Considerazioni sparse post "La fiera delle illusioni" di Guillermo del Toro
Guillermo del Toro torna al cinema con “La fiera delle illusioni”, ma non riesce a ricreare il mix di elementi vincenti che aveva garantito il successo de “La forma dell’acqua”.
- Il film che segue una pellicola vincitrice del Premio Oscar al miglior film è sempre delicato da realizzare, perché inevitabilmente è il confronto il giudice supremo del lavoro. “La fiera delle illusioni” non scappa dunque dall’ombra de “La forma dell’acqua”, che nel 2018 ha fatto incetta di Oscar tra cui le prestigiose statuette per il miglior film e per la miglior regia.

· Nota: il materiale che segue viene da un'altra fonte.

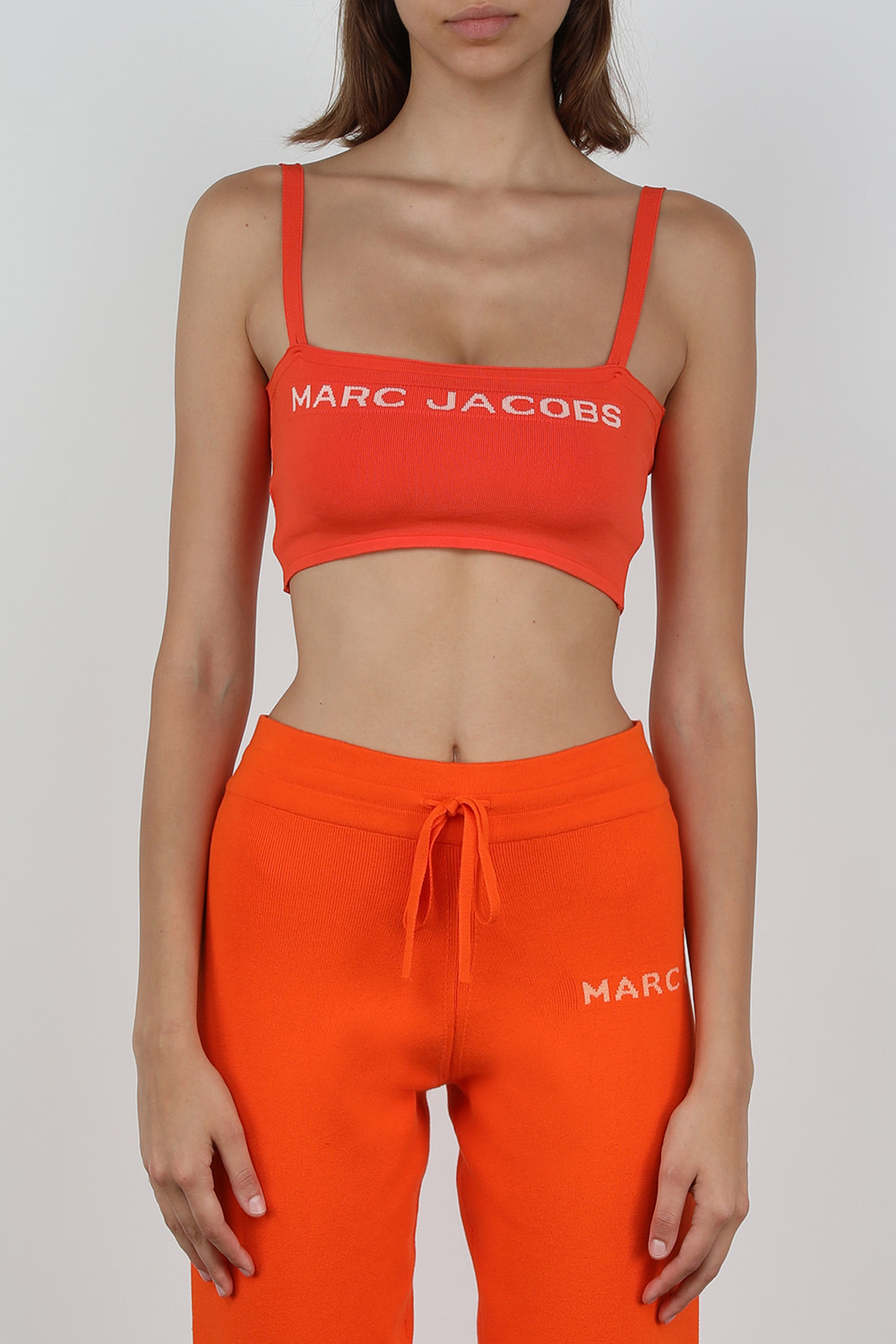 תמונת דוגמן קידמית של קרופ טופ כתום עם לוגו רקום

Dunque è proprio nel confronto col suo predecessore che emergono alcune problematiche riguardanti l'opera. “La forma dell’acqua” ha raggiunto un equilibrio perfetto tra alcune componenti essenziali del cinema di del Toro, come le atmosfere dark-fantasy, la cura della scenografia, la trama compassata e i significati simbolici. “La fiera delle illusioni” manca di questo equilibrio, perché viene meno l’ultimo fattore tra quelli sopracitati, ovvero il carico simbolico. C’è, ma non ha la portata giusta da bilanciare una trama che non scorre a ritmo calzante. L’incomunicabilità de “La forma dell’acqua” faceva da sostrato riflessivo alla narrazione, qui manca quell’elemento più profondo che inviti al pensiero lo spettatore, che quindi si abbandona alla trama, ma non ne viene trasportato;
- Lo scorrere degli eventi è un po’ il punto debole del film. La storia procede a ritmo altalenante, accelera e decelera come una macchina in mezzo al traffico, non riesce praticamente mai a prendere ritmo. Alcuni passaggi risultano troppo veloci, come l’affinamento dell’intesa tra Stanton e Molly o l’inganno della dottoressa Ritter. Altri invece sono decisamente troppo compassati, come l’apprendistato dell’illusionista nel circo o la sua ascesa come medium. Insomma, manca equilibrio nella trama e questo non sarebbe un problema in assoluto, perché il ritmo calzante non fa parte della cinematografia di del Toro. Ma a bilanciare questo incedere lento manca quella riflessione profonda, che di fatto ha sancito l’enorme successo de “La forma dell’acqua”;
- Il punto di forza de “La fiera delle illusioni” è senza dubbio il cast. Bradley Cooper è magnetico e intrigante nel ruolo del cinico illusionista, Cate Blanchett veste alla perfezione i panni della femme fatale. Ottime anche le figure femminili di Toni Collette e di Rooney Mara, anche se quest’ultima avrebbe meritato forse più spazio nel suo processo di allontanamento dall’amato. Sempre superbo Willem Dafoe, che riesce a farci simpatizzare anche per un uomo che di fatto cattura persone per la strada e le rende delle bestie;
- L’altro grande punto di forza del film è l’ambientazione. Le atmosfere del circo si sposano alla grande col sostrato fantasy e dark che permea tutta la cinematografia di del Toro e il regista messicano ha lavoro facile nel rendere al meglio l’atmosfera circense. Il cambio di location che il film vive dopo l’addio al luna park di Stan e Molly vizia un po’ l’atmosfera, che chiaramente cambia e s’indebolisce. L’elemento dark viene mantenuto dalla splendida Cate Blanchett, che si fa simbolo e portatrice di quel contesto deltoriano che riusciamo a riconoscere per tutto il film;
- Alla fine della fiera, per usare un gioco di parole che rimanga in tema, il nuovo lavoro di del Toro è un gran film, solo globalmente inferiore al precedente. Si guadagna la nomination agli Oscar, ma probabilmente (e magari sarà smentito, lo auguro al simpatico regista messicano) non guadagnerà la vittoria. Manca qualcosa per la consacrazione e forse la risposta globalmente sta nel fatto che “La forma dell’acqua” è tratto da una sceneggiatura originale, mentre “La fiera delle illusioni” ha dovuto fare i conti col precedente cinematografico del 1947 e soprattutto con quello letterario del 1946 e ciò ha limitato la resa finale.